** Data records follows **
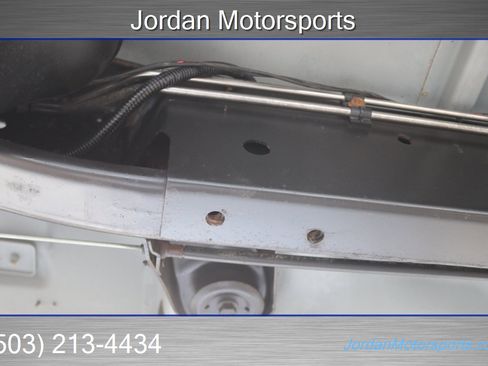 Used 1998 Dodge Ram 3500 Truck Laramie SLT image 34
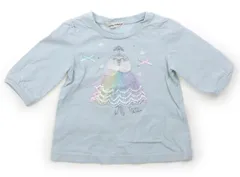 【エニィファム/anyFAM】Tシャツ・カットソー 100サイズ 女の子【子供服・ベビー服】（2038744）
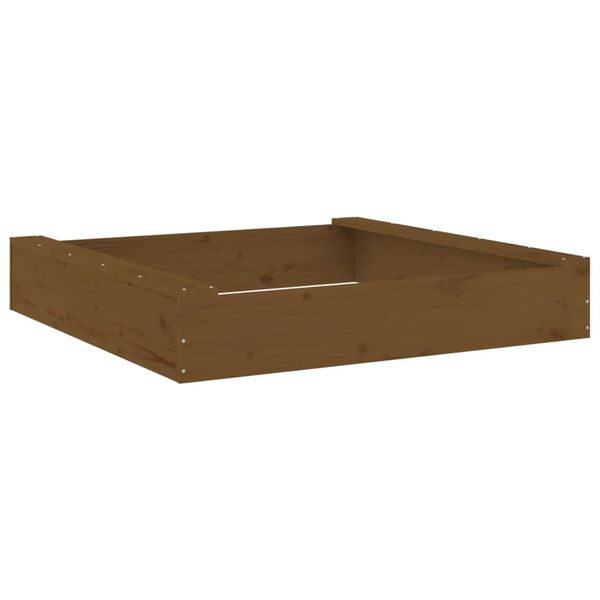 Viser 1 av 9 produktbilde(r)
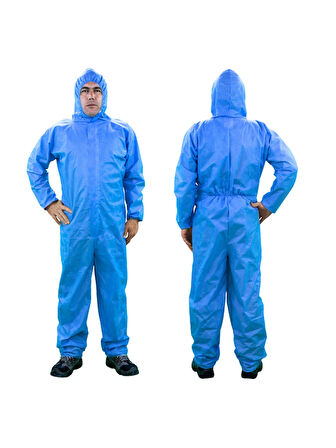 APEX 331 TEK KULLANIMLIK TULUM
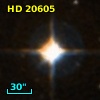 LTT  1567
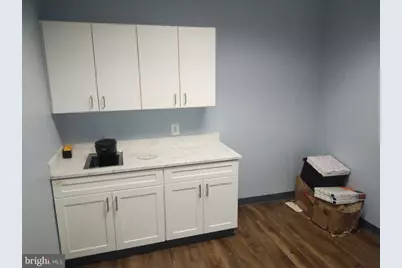7300 Hanover Drive #103, Greenbelt, MD 20770 - Photo 51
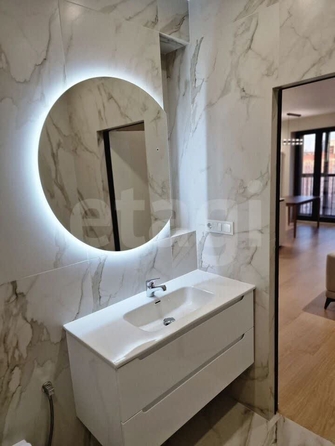 
  Продается 3-комн. квартира 79.6 м². Фото 14.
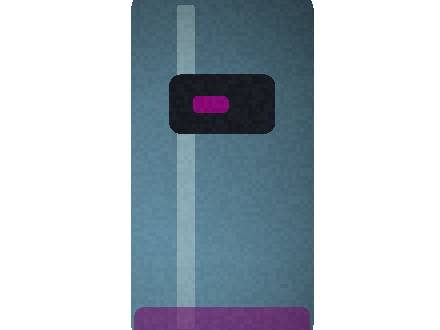 Air Bar Nex Lite Authenticity Checks
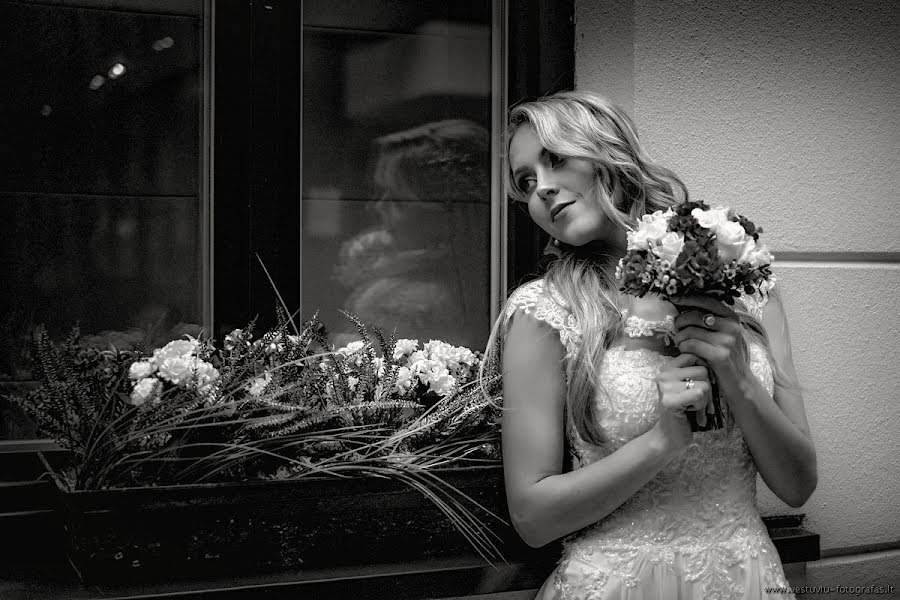 結婚式の写真家Anatoliy Samoylenko (wedlife)。2021 10月17日の写真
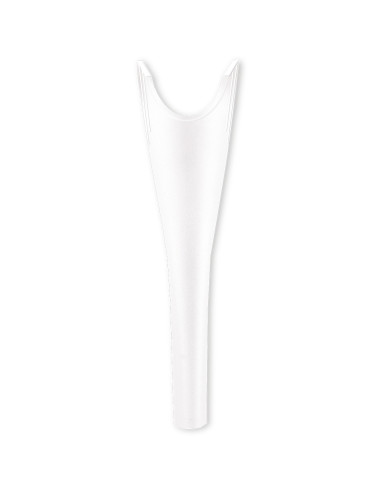 Дигитален термометър B.Well PRO-06 flex Куче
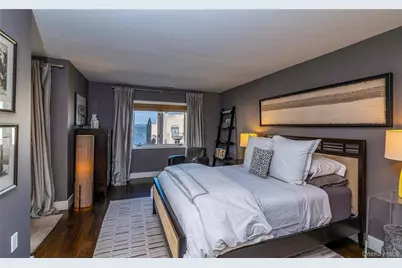 6 Burd Street #2403, Nyack, NY 10960 - Photo 12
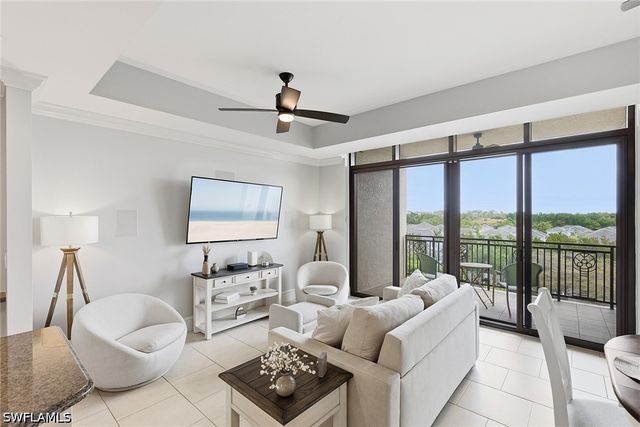 9123 Strada PL 7409, Naples, FL 34108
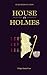 House es Holmes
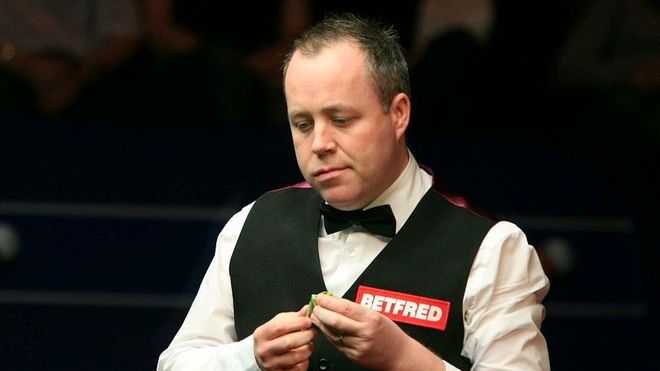 拉姆能够拿 拉姆能够拿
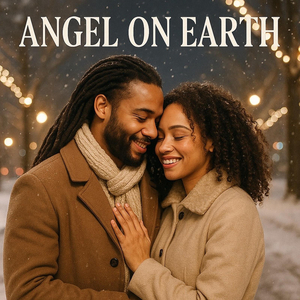 Angel on Earth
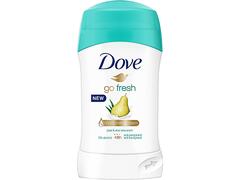 Anti-perspirant STICK PARA ALOE VERA 40ML 48h DOVE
** End of Data records **
- **Exercise details**:
Skipping the pictures, print the lines in the listing above exactly as written, starting at the line with "Продается 3-комн. квартира" and ending at the line with "9123 Strada PL 7409, Naples, FL 34108", both included.

- **Output for this exercise**:
  Продается 3-комн. квартира 79.6 м². Фото 14.
 Air Bar Nex Lite Authenticity Checks
 結婚式の写真家Anatoliy Samoylenko (wedlife)。2021 10月17日の写真
 Дигитален термометър B.Well PRO-06 flex Куче
 6 Burd Street #2403, Nyack, NY 10960 - Photo 12
 9123 Strada PL 7409, Naples, FL 34108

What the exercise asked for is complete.